Where is this place?


----------



## 4Rodsfishing (Oct 27, 2009)

Mud Land Offroad Park in Alvin Tx, they are on Facebook and here is their website.

http://mudlandoffroad.com/


----------



## Hotrod (Oct 11, 2006)

We had fun, I forgot how much I hated black gumbo tho! Kris said they had over 1300 people thru the gates this past weekend. Weather was nice and people came! Its gonna be one big mud pit before long. I saw the Suburu with no bumpers. Hope thats not his daily driver lol. They are working on the parking lot, it will just take time. They are gonna be working on getting water, showers, and Rv hook ups by the summer. 

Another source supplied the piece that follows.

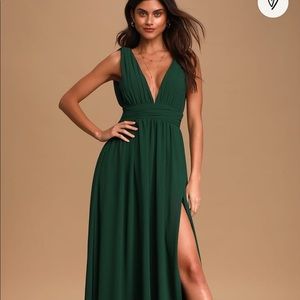 Heavenly Hues Forest Green Maxi Dress, NEW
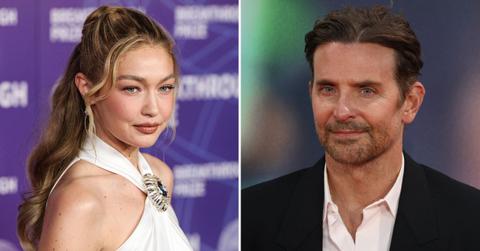 A photo of Gigi Hadid alongside a photo of Bradley Cooper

I have some pics and vids Ill try and post soon. We had a big group and had the usual fun. A lot of people didnt know, but there is still more of the park that hasnt been opened yet, like another 150 acres


----------



## 4Rodsfishing (Oct 27, 2009)

The suburu is his daily drive, I bought his bumpers and muffler home. He spent all day Sunday getting it cleaned and putting the muffler back on. He dicided to leave the bumpers off for now. He is talking about getting a different car for daily use so he can raise up the subie and getting some mud tire to have some more fun.


----------



## BATWING (May 9, 2008)

Well at least there is a new place for Houston folks to ride besides crosby.


----------



## majekman (Apr 22, 2006)

Parking lot an exit does need some attion it just takes money and time, but all in all had a blast will be going back spent all sunday cleaning but worth every bit of it.


----------